D’abord spécialisée sur les biens de consommation (écrans puis smartphones), l’industrie électronique coréenne, au fur et à mesure des délocalisations des chaines de production des grands groupes, s’est spécialisée sur des biens intermédiaires à haute valeur ajoutée, utilisés dans l’ensemble des chaines de production mondiales : la Corée a en particulier enregistré en 2023 115 Md$ d’exportations dans les semi-conducteurs (dispositifs de semi-conducteurs et circuits intégrés, dans le cas coréen essentiellement les puces et cartes mémoires, sur lesquelles la Corée est, assez largement, leader mondial). Ce dynamisme est soutenu par un effort de R&D très important, qui fait de la Corée le deuxième pays le plus dépensier au monde en proportion du PIB en 2021 (4,9%). Le secteur privé représente 77% du total des dépenses R&D de la Corée (2e ratio le plus élevé de l’OCDE après le Japon) dont près de la moitié est assurée par les 10 premiers chaebols. L’omniprésence des chaebols dans la R&D coréenne s’explique notamment par leur modèle exportateur, qui les a poussés à monter en gamme pour se maintenir dans la concurrence internationale et à investir progressivement dans des secteurs de plus en plus technologiques, pour figurer aujourd’hui parmi les leaders dans les semi-conducteurs, les smartphones, les batteries, l’automobile, etc. Les chaebols s’appuient en outre sur leur structure en conglomérat, qui permet de financer la R&D par la rentabilité d’activités lucratives. A titre d’exemple, Samsung était l’entreprise la plus dépensière au monde en 2021 (près de 20 Md$) et finance structurellement ses activités de R&D dans les puces à travers les bénéfices tirés des ventes de smartphones.
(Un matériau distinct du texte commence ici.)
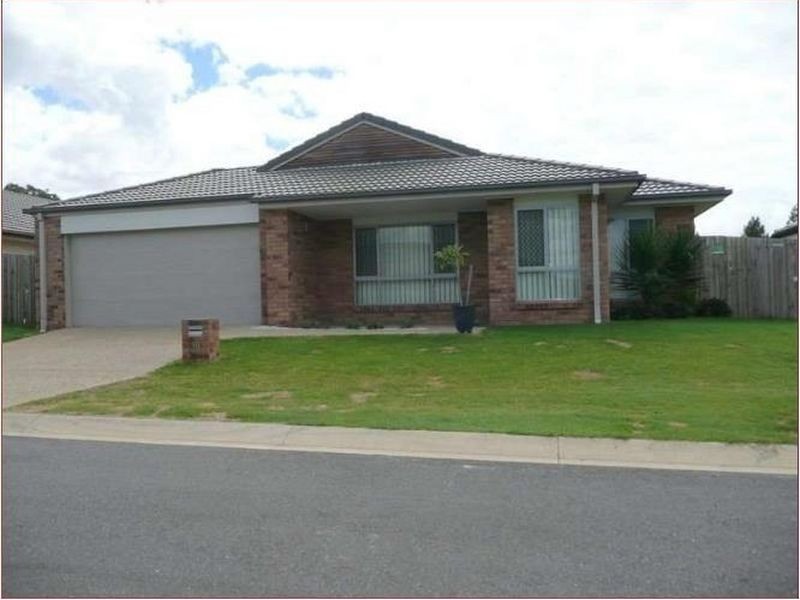 18 Springbok Street, Fitzgibbon QLD 4018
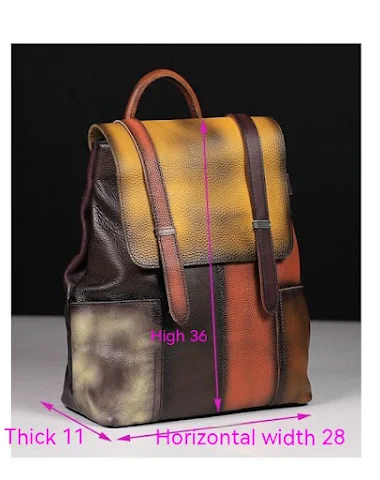 Image product - 1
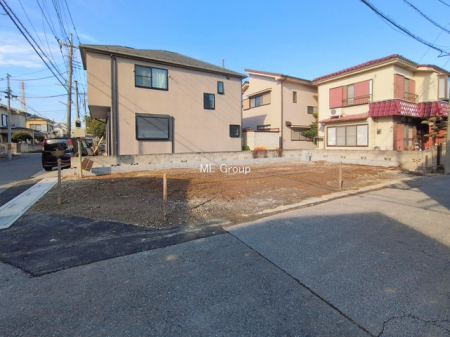 ���n�O�ώʐ^�@-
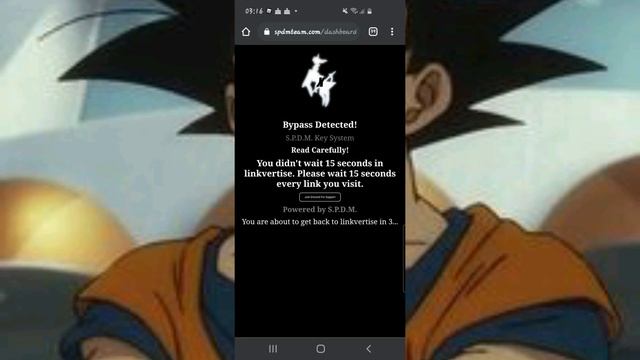 Nuevo!!!!! ROBLOX MOD MENU APK ANDROID | ARCEUS X BY S.P.D.M TEAM - Xosmik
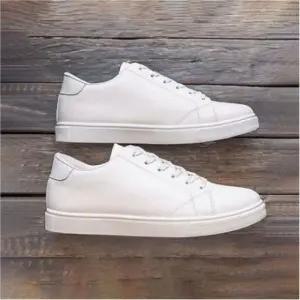 남성 운동화 캐주얼 단화 런닝화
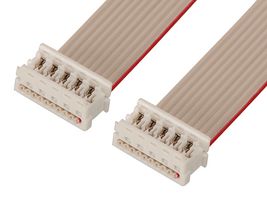 MOLEX 92315-1050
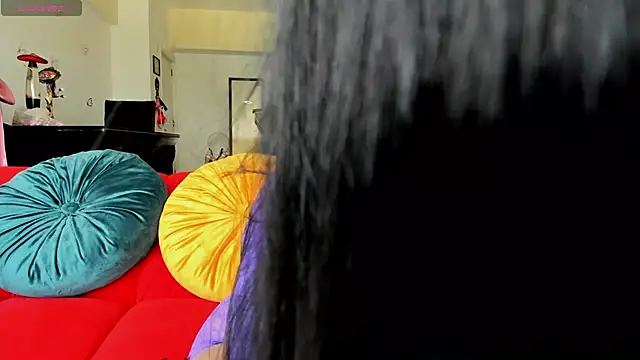 willow boobs online show from 09/27/25, 06:03
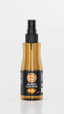 Kölninvesi  120 ml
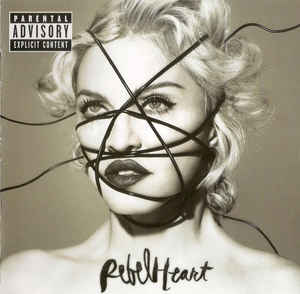 rebel-heart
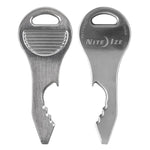 Herramienta tipo llave multiuso, Nite ize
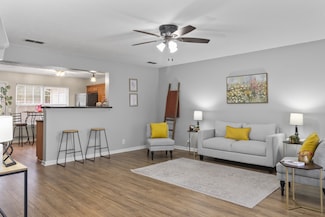 251 Shoshone Place, Murfreesboro, TN 37128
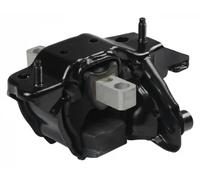 GSP Supporto Motore Sinistro Per VW Polo 6R 6C 9N_ Fox 5Z1 5Z3 9A4 9A2 9N2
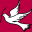 sethuletrust.org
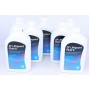 Комплект для заміни оливи АКПП Audi A6/A8/VW Phaeton 3.7-6.0 02-11 LifeguardFluid 8 (+ масло)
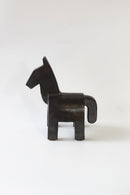 David da Silva セラミックオブジェ-No.11 <br>bob's box - ヴィンテージ SHARK ATTACK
Forte de cette puissance industrielle, la Corée du Sud a connu une croissance moyenne de plus de 3% au cours des années 2010. Malgré la pandémie, l’économie coréenne ne s’est contractée que de 1% en 2020 avant de rebondir de 4% en 2021. Grâce à ce dynamisme économique, les fondamentaux de la Corée sont aujourd’hui très solides, avec un chômage structurellement faible (moyenne de 3,3% sur la période 2010-2023), un excédent commercial marqué (excédent de la balance des paiements courants de 2,07% du PIB en 2023), et un endettement public contenu (55,2% du PIB en 2023 pour le gouvernement central).
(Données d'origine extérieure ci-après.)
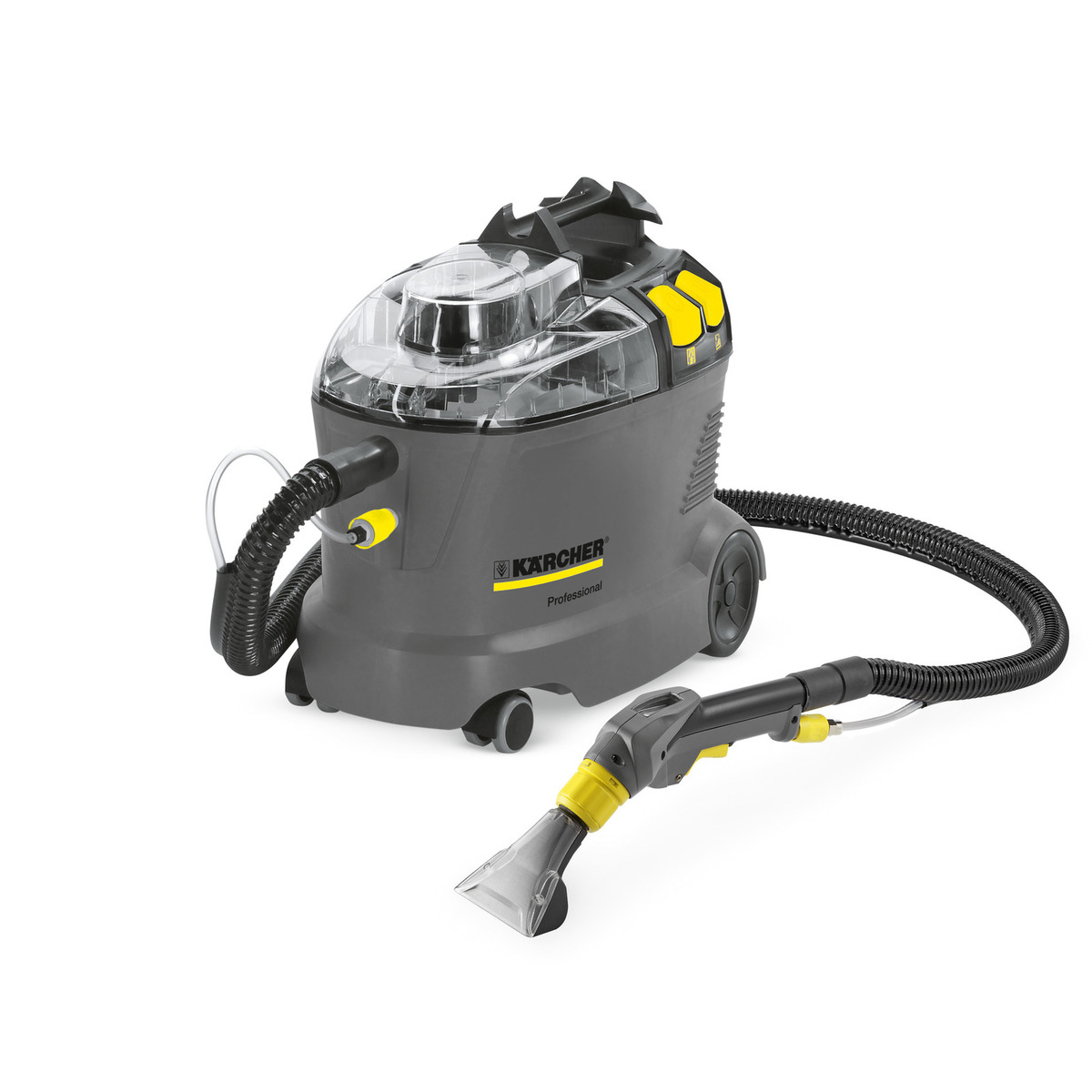 Karcher%20Puzzi%208/1%20C%20Halı%20ve%20Koltuk%20Yıkama%20Makinesi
La Corée siège aujourd’hui au sein des principales organisations internationales. Membre de l’OCDE et du G20, le pays a rejoint le Club de Paris en 2016. La Corée poursuit son ouverture commerciale en multipliant les accords de libre-échange (ALE), qui pourraient à terme couvrir presque 90% de ses échanges. La Corée est ainsi le 1er pays à avoir conclu un ALE avec les 3 principales puissances économiques mondiales, Union européenne, Etats-Unis et Chine. C’est aussi le 1er partenaire commercial d’envergure avec qui la Chine a signé un accord de libre-échange en 2015. L’accord de libre-échange entre la Corée et l’Union européenne, en vigueur depuis 2011, a permis d’éliminer plus de 99% des droits de douane et a bénéficié au commerce bilatéral entre la France et la Corée.
L’année 2024 marquée par une reprise de la croissance
En 2024, l’économie coréenne montre des signes d’amélioration par rapport à 2023 (où la croissance s’était élevée à 1,4%), avec une croissance attendue à 2,2%, soutenue par des exportations en forte hausse.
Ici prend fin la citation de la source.